Therefore, an L-band transceiving passive ring component of a communication device needs to be designed innovatively, isolation of transceiving channels is improved, and the purposes that when a communication transmitter transmits a high-power signal, a receiving channel is not closed, a transmitting signal leaked to the receiving channel is inhibited and attenuated by more than 40dB, and signal saturation of the receiving channel is not caused are achieved. At present, there is no relevant literature report and data about normal signal receiving of L-band high-power communication equipment at home and abroad when transmitting signals.
Disclosure of Invention
The invention aims to provide a high-isolation L-band transceiving passive ring component and a working method thereof, so that signals can be normally received while L-band communication equipment transmits the signals.
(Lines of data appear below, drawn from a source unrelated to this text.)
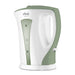 EAN 8422160054167 - Ufesa Nyassa 1.7L tetera eléctrica 1,7 L 2200 W Verde, Blanco imagen 3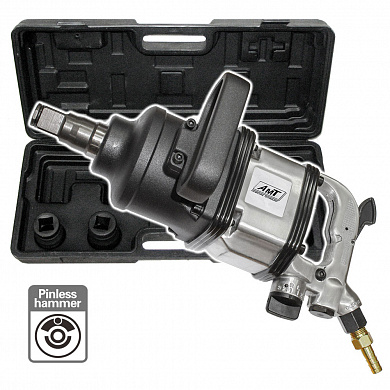 Пневмогайкoверт 1 AMT AIWK253190, 2400 Нм, 1", стандартный вал Пневмогайкoверт 1 AMT AIWK253190, 2400 Нм, 1", стандартный вал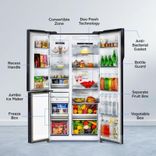 HRT-683GK 598 Litres, Expert Inverter, Side By Side Refrigerator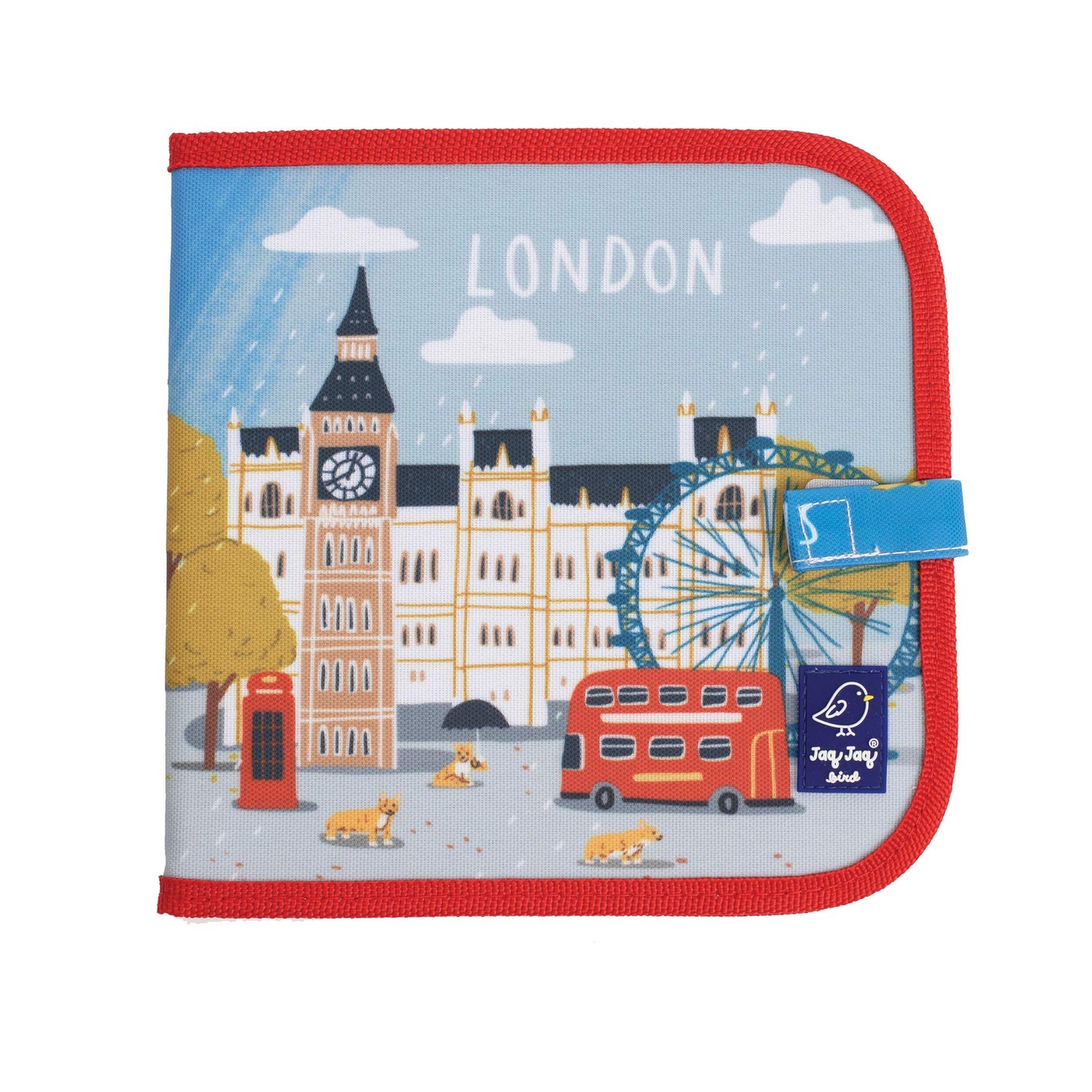 Jaq Jaq Bird Cities of Wonder Erasable Book - London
The invention provides a high-isolation L-band transceiving passive annular component, which comprises a transmitting synthesis network, a receiving synthesis network and a transmitting leakage cancellation network, wherein the transmitting synthesis network comprises a transmitting receiving end and a transmitting leakage cancellation end; the transmitting synthesis network, the receiving synthesis network and the transmitting leakage cancellation network all comprise a plurality of electric bridges, circulators and/or 180-degree phase shifters; wherein several bridges, circulators and/or 180 ° phase shifters are multiplexed in a transmit combining network, a receive combining network and a transmit leakage cancellation network.
Further, the transmitting synthesis network comprises a first bridge, a second bridge, a first circulator, a second circulator and a 180-degree phase shifter; a first port of the first bridge is a transmitting input end, a second port of the first bridge is grounded, a third port of the first bridge is connected with a first port of the first circulator, and a fourth port of the first bridge is connected with a first port of the second circulator; a port II of the circulator I is connected with a port I of the bridge II; a second port of the circulator II is connected with a second port of the bridge II through a 180-degree phase shifter; and the third port of the second bridge is connected with the antenna, and the fourth port of the second bridge is grounded.
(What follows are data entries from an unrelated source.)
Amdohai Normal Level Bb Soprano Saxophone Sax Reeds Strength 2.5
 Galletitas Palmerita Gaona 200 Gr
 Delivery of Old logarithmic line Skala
Further, the receiving synthesis network comprises a second bridge, a third bridge, a first circulator, a second circulator and a 180-degree phase shifter; a port III of the circulator I is connected with a port II of the bridge III; a port III of the circulator II is connected with a port I of the bridge III; and a third port of the third bridge is grounded, and a fourth port of the third bridge is a receiving output end.
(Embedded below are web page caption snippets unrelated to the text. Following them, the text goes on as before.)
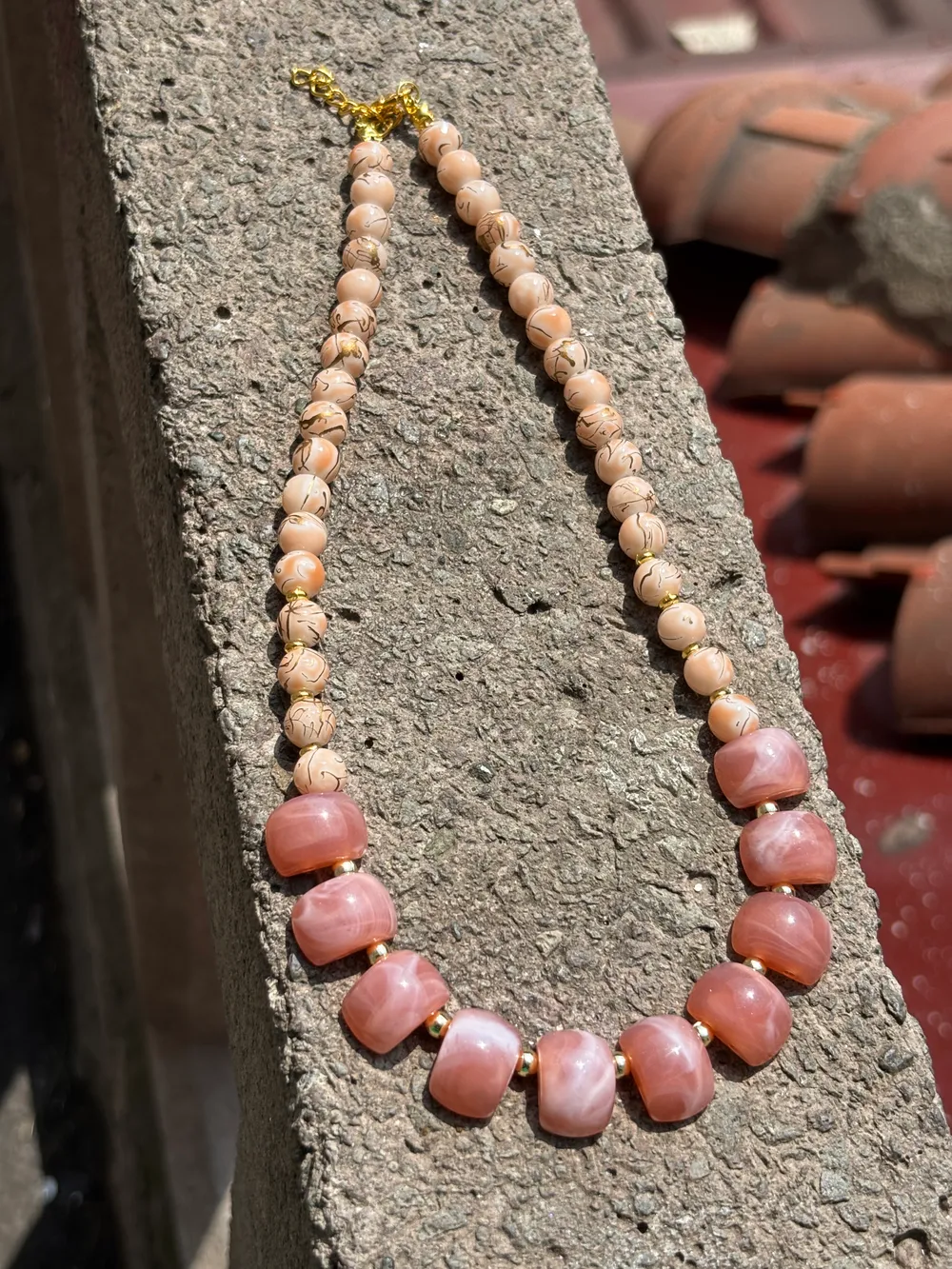 Namaste El Yapımı Kolye KL2407007 1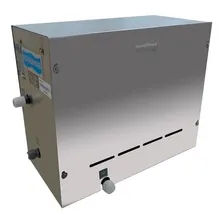 Sauna Vapor Steam Inox 12 Kw Com Quadro Digital Sodramar 220V Foto mini 2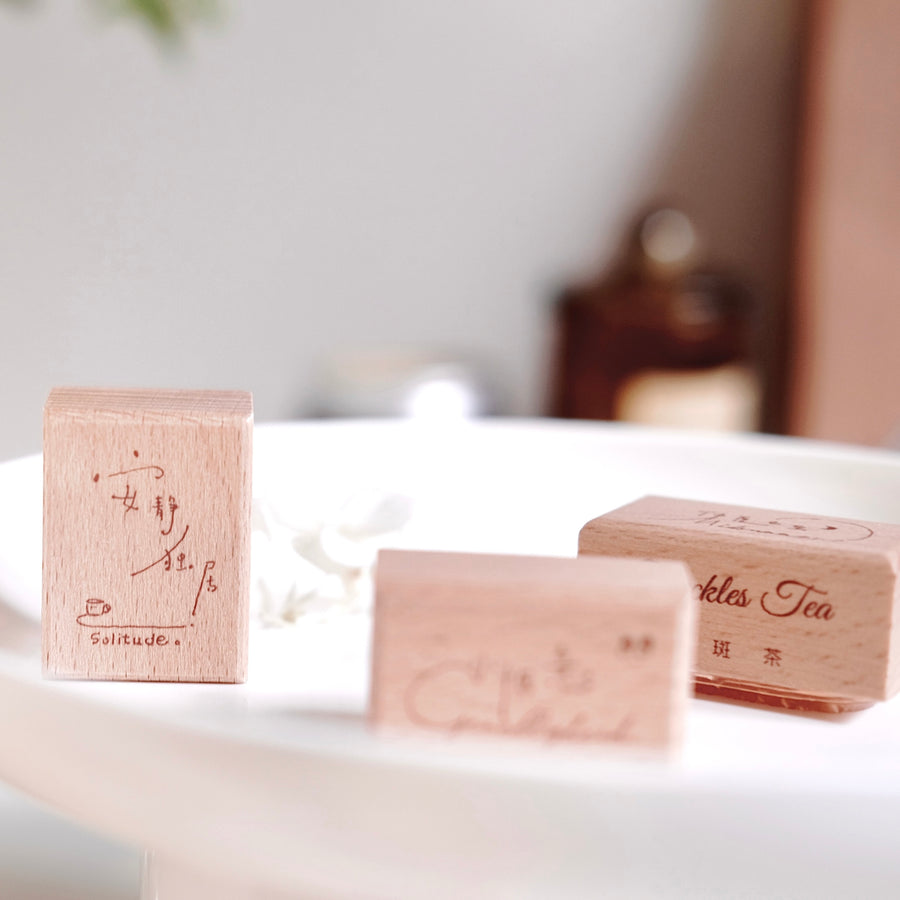 Freckles Tea Vol.4 rubber stamp set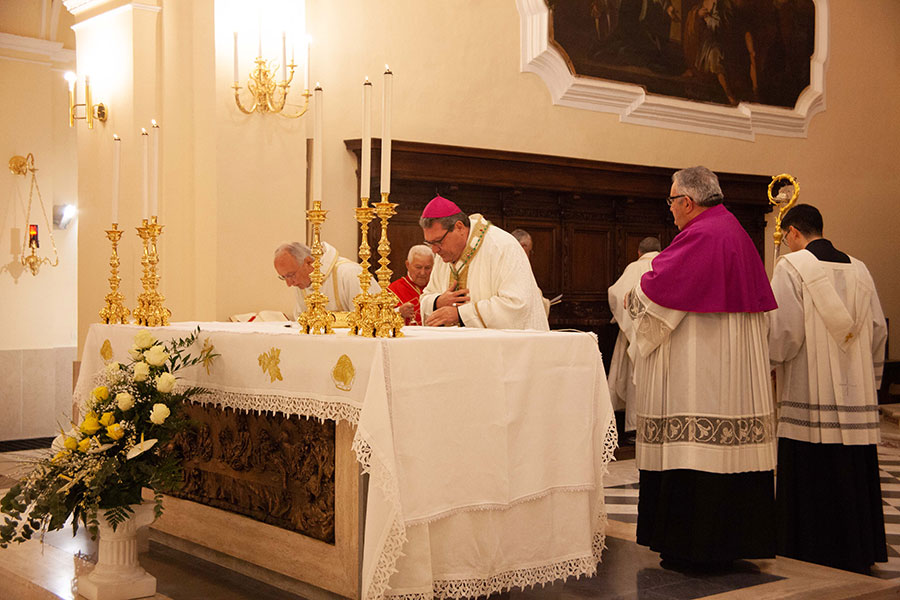 Il 297° anniversario della Dedicazione della Cattedrale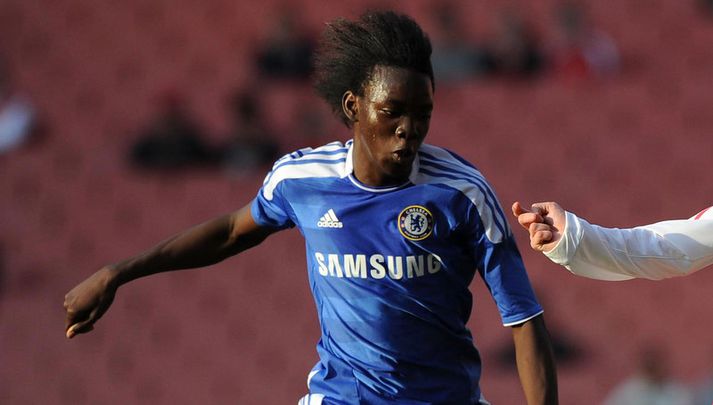 Bertrand Traore.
Further, the transmission leakage cancellation network comprises a first bridge, a third bridge, a first circulator and a second circulator.
Further, the working method of the high-isolation L-band transceiving passive ring component includes:
transmitting and synthesizing output through a transmitting and synthesizing network;
receiving the synthesized output through a receiving synthesis network;
and carrying out transmission leakage signal cancellation through the transmission leakage cancellation network.
Further, the process of transmitting the synthesized output through the transmission synthesis network includes:
the transmitting signal input by the transmitting input end is input to the first bridge from the first port of the first bridge;
the first bridge divides the transmitting signal into two paths, and the second path of transmitting signal output by the port four of the first bridge is compared with the first path of transmitting signal output by the port three, so that the amplitude is the same and the phase lags by 90 degrees;
the first path of emission signal reaches a first port of a second electric bridge after passing through a first circulator, the second path of emission signal sequentially passes through a second circulator and a 180-degree phase shifter and then reaches a second port of the second electric bridge, and the second path of emission signal has the same amplitude and is delayed by 270 degrees compared with the first path of emission signal;
the second bridge synthesizes the first path of emission signal and the second path of emission signal and outputs the signals through the third port of the second bridge, the phase difference is 360 degrees, the amplitudes are added exactly, and the emission energy loss can not be caused.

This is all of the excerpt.